Partial answer to side question: $G$ is a nonassociative ring if we assume multiplication is also left distributive (it also does not assume the existence of 1). Also, I am reasonably sure that calling the operation conjugation implies all of the properties (before the side question) besides the linear order.

You could also call the conjugate an adjoint (adjunction?) operation on multiplication but it may be confusing since you defined another adjoint. Lastly, I am not sure what of this is standard terminology as the only source I have on hand is Wikipedia.

• Here's what wikipedia has to say. Notice how general nonassociative rings are: there are several different additional axioms one can impose to get different theories which are interesting for very different reasons. – tcamps Sep 8 '14 at 2:44

I think the answer is that unfortunately on the face of it at least, nonassociative linear algebra doesn't really make much sense.
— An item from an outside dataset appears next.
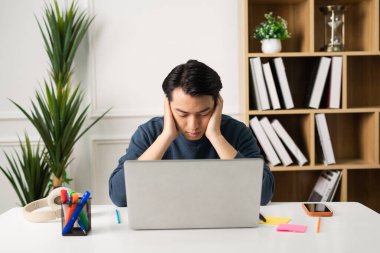 Asyalı bir adamın evde oturup çalışırken görüntüsü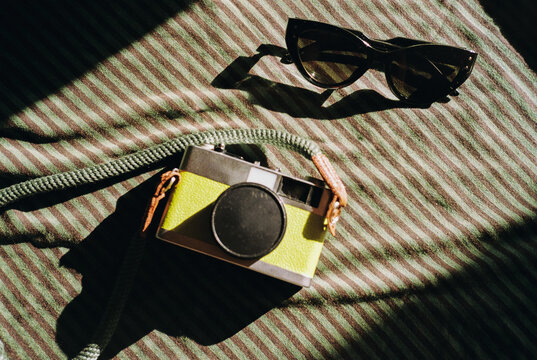 Retro Film Camera and Sunglasses. Summer vacation concept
In the associative case, it is very simple to define a module $M$ over a ring $R$: $M$ is an abelian group and there is a bilinear map $\cdot: R \otimes M \to M$ (the "action") such that for $r,r' \in R, m \in M$,

• $1 \cdot m = m$ (the action is "unital") and

• $r \cdot (r' \cdot m) = (r\cdot r') \cdot m$ (the action is "associative")

Suppose we copied over this same definition to the case where $R$ is nonassociative. Notice that by two applications of associativity of the action, we get that

$((r_1\cdot r_2) \cdot r_3) \cdot m = (r_1 \cdot (r_2 \cdot r_3))\cdot m$

So the action of $R$ on $M$ acts as though $R$ is associative! More precisely, the action factors through the quotient map $R \to R/A$, where we've modded out by the two-sided ideal $A\subseteq R$ generated by elements of the form $((r_1\cdot r_2)\cdot r_3) - (r_1 \cdot (r_2 \cdot r_3))$, and $R/A$ is associative. So all of the nonassociativity is forgotten when we look at modules.

We could get around this by dropping the requirement that the action be associative. The trouble is that then we're left without any sort of compatibility condition between multiplication in the algebra and the action on the module, so it becomes doubtful that there will be anything interesting to say about these algebraic gadgets.

It is conceivable that there might be more mileage to be gained from the involution or the inner product, but what you're doing is introducing new operations and asserting compatibility relations, so the a priori expectation should be that things will only get more complicated.

Again, here's the link to wikipedia. You mentioned a physics motivation. There is an interesting story to learn about Jordan algebras, a kind of nonassociative ring meant to axiomatize observables in quantum mechanics. And there is a special Jordan algebra of 3 x 3 octonian matrices, but the binary operation of the Jordan algebra does not come directly from the multiplication of octonions.